THE HOUR AND THE MEN.

Lord Chancellor dancing with two Lords

In the first place let me correct one or two small popular errors in regard to the Gilbert and Sullivan operas. They number in all not thirteen (as is frequently stated) but fourteen. They were not all produced at the Opéra Comique and the Savoy, for the first was originally acted at the old Gaiety Theatre and the second at the Royalty Theatre in Deanstreet. Finally, Cox and Box (which contains some of Sullivan's prettiest music) and Contrabandista are not Gilbert and Sullivan at all, but Burnand and Sullivan.

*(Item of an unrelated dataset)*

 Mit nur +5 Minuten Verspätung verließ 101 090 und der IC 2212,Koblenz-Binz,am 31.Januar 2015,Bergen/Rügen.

The first collaborative work of William Schwenck Gilbert and Arthur Sullivan was the comic opera in two Acts called Thespis, or the Gods Grown Old, and it was first presented by M. John Hollingshead at the Gaiety on the night of December 23rd, 1871. Those were not the days of the Puff Preliminary as we know it now, when, for obvious reasons, the public often hear a great deal more about a play before it has been produced than they do after that fateful event. Yet there was a good deal of talk about Thespis beforehand; and one of the illustrated papers published an amusing drawing of a rehearsal of the piece with Hollingshead and Robert Soutar drilling the performers, and the author, with his silk hat tilted slightly forward and the "scrip" in his hand, watching the proceedings with ominous eyes. The piece was not a great success, but the night of its production was destined to mark an epoch. One of the most brilliant chapters in the annals of the British Theatre dates from it.

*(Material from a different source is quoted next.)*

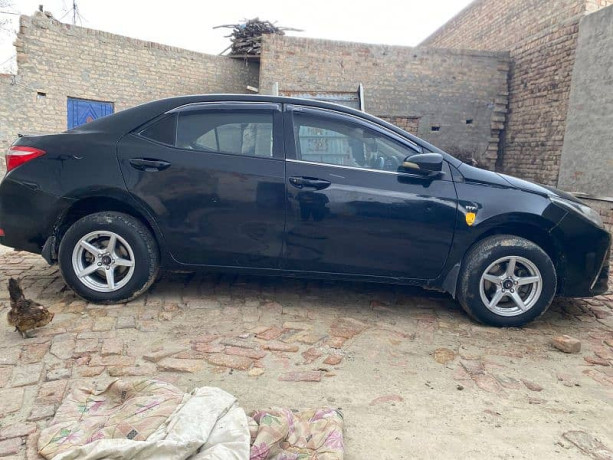 toyota-corolla-xli-2017-big-3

That old Gaiety Theatre stood a little to the west of the site of the present house, and was much less handsome, both internally and externally. The front entrance was in the Strand, and a few years later a crystal illumination over its porch was one of the cheerful symbols of London by night. Round the corner, in Wellington Street, over the classic facade of the Lyceum, another such illumination gleamed, from the eighties onward, and each of these embellishments had its thrilling associations for playgoers who were young then. That old Gaiety has vanished, so also has the old Lyceum, save its facade; but the art-form known as Gilbert-and-Sullivan Opera is with us still. Long may it continue!

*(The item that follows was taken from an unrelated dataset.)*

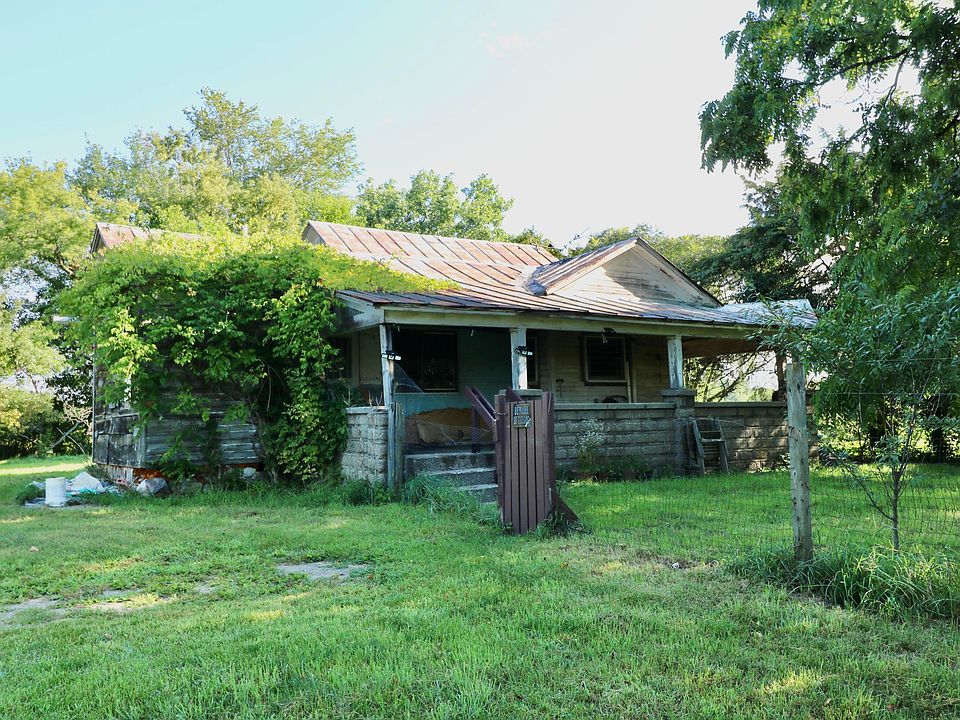 1st image of 2710 6th St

There is nothing quite like it on the European stage. There have been other famous collaborations, notably in the French Theatre, but none has been at once so fruitful and so complete. None has so appealed to the universal taste, becoming thereby classic; and none has lived so long in undiminished vitality. People of all ranks, from the highest to the humblest, have at one time or another felt the charm of these works. Whenever and wherever they are performed in England half the audience seem to know the score and libretto by heart. Often has a player in them, forgetting his words, been prompted from stalls, pit and gallery!

In the old days at the Savoy it used to be very difficult to secure a seat for the first performance of one of the operas. There is a story of a member of the Sassoon family who was a personal friend of the composer, which is worth repeating here. He had discovered that all the seats in the house had been allocated for one of these exciting occasions. Accordingly he sought out his friend and entreated him by some means or other to get him a place in the auditorium. Sullivan's reply was: "It is impossible; but if you will change the first letter of your name to B, I will find room for you in the orchestra!”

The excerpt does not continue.